Koren-Benoy (Корен-Беной, Коьран-Бена, Köran-Bena) is a village (selo) in Kurchaloyevsky District, Chechnya.

== Administrative and municipal status ==
Municipally, Koren-Benoy is incorporated into Khidi-Khutorskoye rural settlement. It is one of two settlements included in it.

== Geography ==

Map of Kurchaloyevsky District. Koren-Benoy is in the Khidi-Khutor ("Хиди-Хутор") rural settlement

Koren-Benoy is located on the left bank of the Gums River. It is 13 km south-east of the town of Kurchaloy and is 45 km south-east of the city of Grozny.
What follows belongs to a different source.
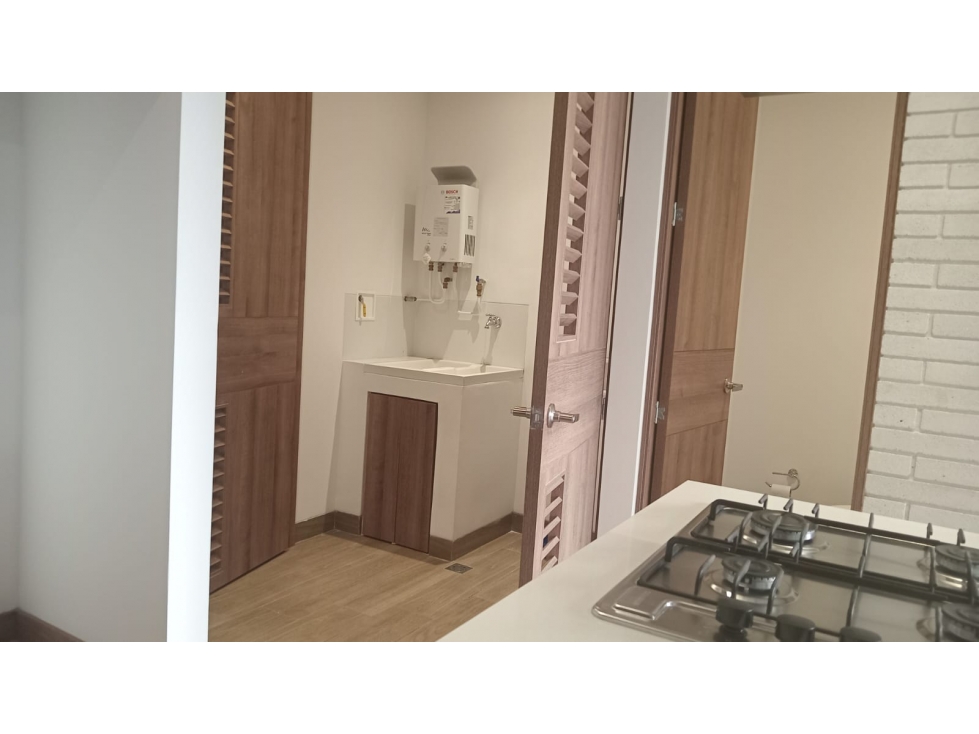 48m2 Apartaestudio para Arriendo en Ciudad del Rio, Medellín — foto 4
The nearest settlements to Koren-Benoy are Khidi-Khutor in the north, Belty and Yalkhoy-Mokhk in the north-east, Malye Shuani in the east, Achereshki in the south-east, Enikali in the south, and Regita in the west.

== History ==
In 1944, after the genocide and deportation of the Chechen and Ingush people and the Chechen-Ingush ASSR was abolished, the village of Koren-Benoy was renamed, and settled by people from the neighbouring republic of Dagestan. From 1944 until 1957, the village was a part of the Shuragatsky District of the Dagestan ASSR.

In 1958, after the Vaynakh people returned and the Chechen-Ingush ASSR was restored, the village regained its old Chechen name, Kuran-Bena.

== Population ==
- 1990 Census: 279
- 2002 Census: 149
- 2010 Census: 413
- 2019 estimate: ?

According to the results of the 2010 Census, the majority of residents of Koren-Benoy were ethnic Chechens.